---------- Excerpted data ----------
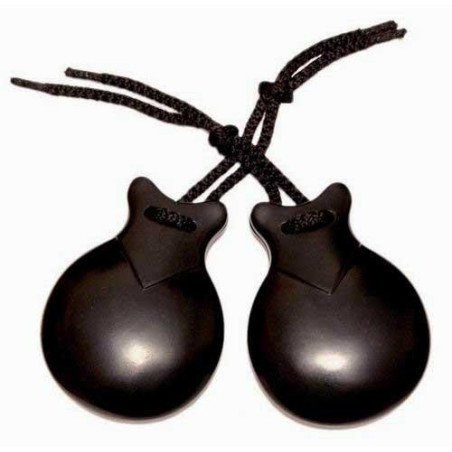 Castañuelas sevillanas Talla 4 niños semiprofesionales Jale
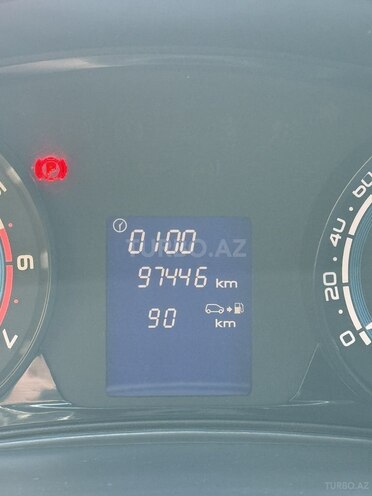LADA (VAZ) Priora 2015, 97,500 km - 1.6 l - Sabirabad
----------
---------- Excerpted data ----------
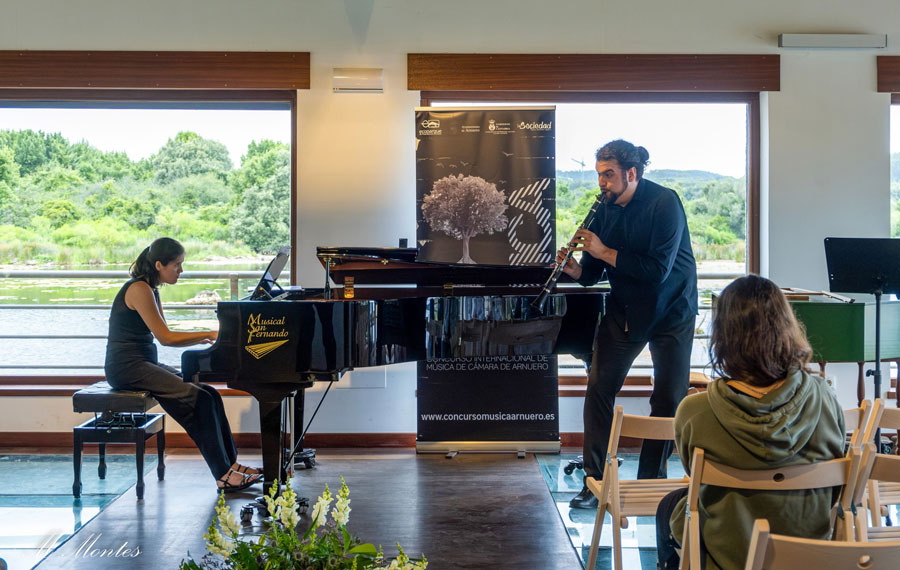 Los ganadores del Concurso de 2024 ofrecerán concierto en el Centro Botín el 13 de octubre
----------
## Brief
Each line above starting at the one holding "Castañuelas sevillanas Talla" and ending at the one holding "LADA (VAZ) Priora" should be set down exactly as it stands, both ends included, with no pictures.

## Task result
 Castañuelas sevillanas Talla 4 niños semiprofesionales Jale
LADA (VAZ) Priora 2015, 97,500 km - 1.6 l - Sabirabad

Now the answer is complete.